Data from cell phones can be obtained to identify people who are likely to contract the flu, giving epidemiologists a potentially game-changing new tool in the fight against a disease that kills thousands of Americans every year, according to a new research.
"We believe this serves as a window into the future of epidemiological data collection," said Dr Allison Aiello of the University of North Carolina.

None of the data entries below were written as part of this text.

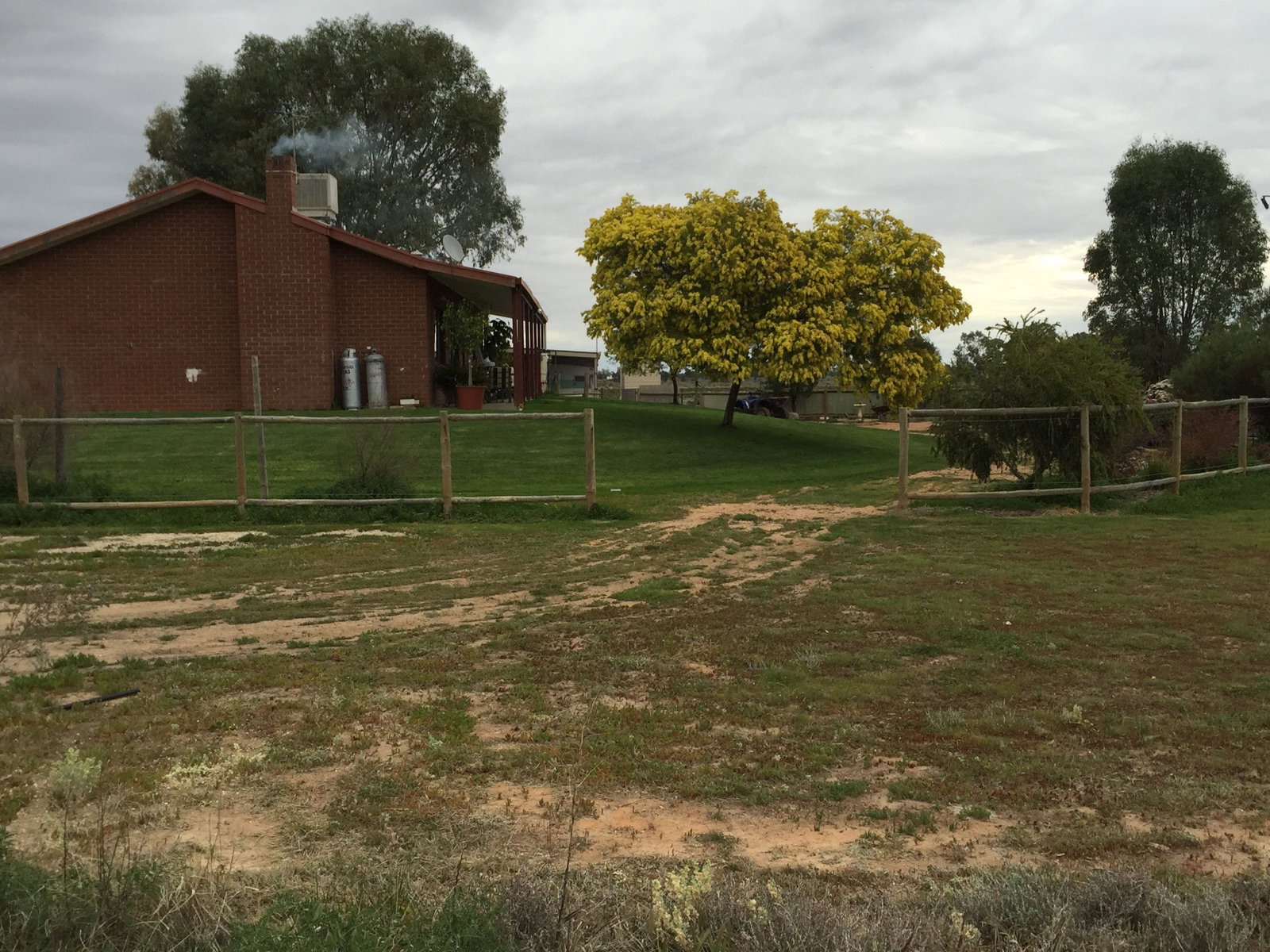 Ellerslie NSW Accommodation in Brisbane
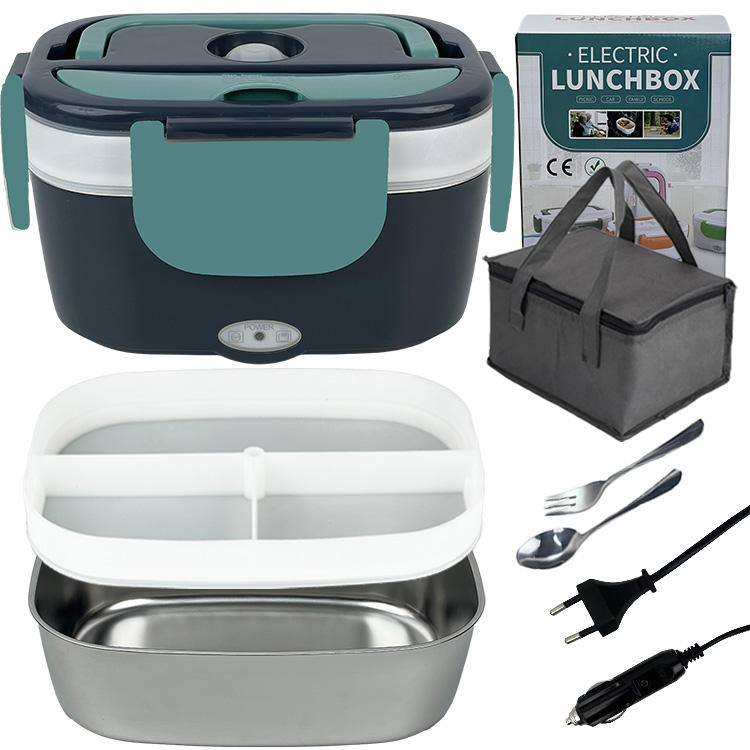 Assiette de fruits + sac + vert foncé + 80w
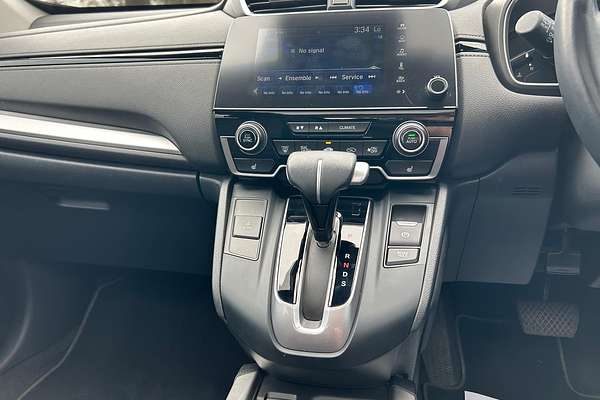 2020 Honda CR-V VTi-S RW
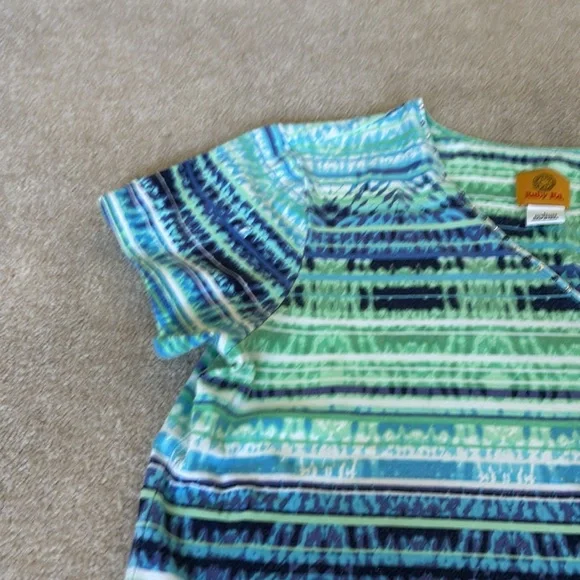 Ruby Rd. Shirt - Picture 5 of 9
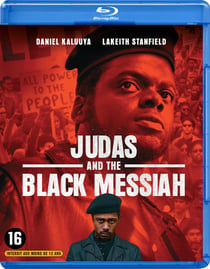 Judas and the Black Messiah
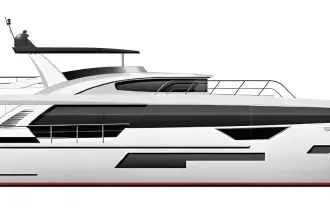 Thumbnail von Bering 92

"I think that the development of these kinds of models for medical data, where we can now collect data more frequently or in a more personalized manner, using cell phones, is extremely important," said Duke statistician Katherine Heller, a co-author of the paper.
For the study, 103 undergraduates living in 6 University of Michigan dorms were loaded with an app in their cell phones that used Bluetooth to record when came into contact with one another. The undergraduates were also made to fill outa weekly online survey to report health-related behaviors, social interactions and flu symptoms. Anyone who reported flu symptoms was then tested for the flu virus.
This enabled the researchers to identify who contracted the flu after coming in contact with someone else in the cohort with the flu- and what differentiated those people from others who did not contact the flu after such contact. Also they monitored how long it took for people infected with the flu to recover.
An algorithm was developed with the help of statistical analysis that predicts an individual's chance of becoming sick after exposure to the virus, based on behaviors such as sleep, drinking and smoking and personal traits such as sex, age and vaccination status. They then found out that people who drink and smoke were more susceptible to the flu and take longer time to recover than those who had good sleep and exercise habits. The unique aspect of this tool is that it takes into account all the factors at once to figure out each individual's likelihood of getting sick on any particular day.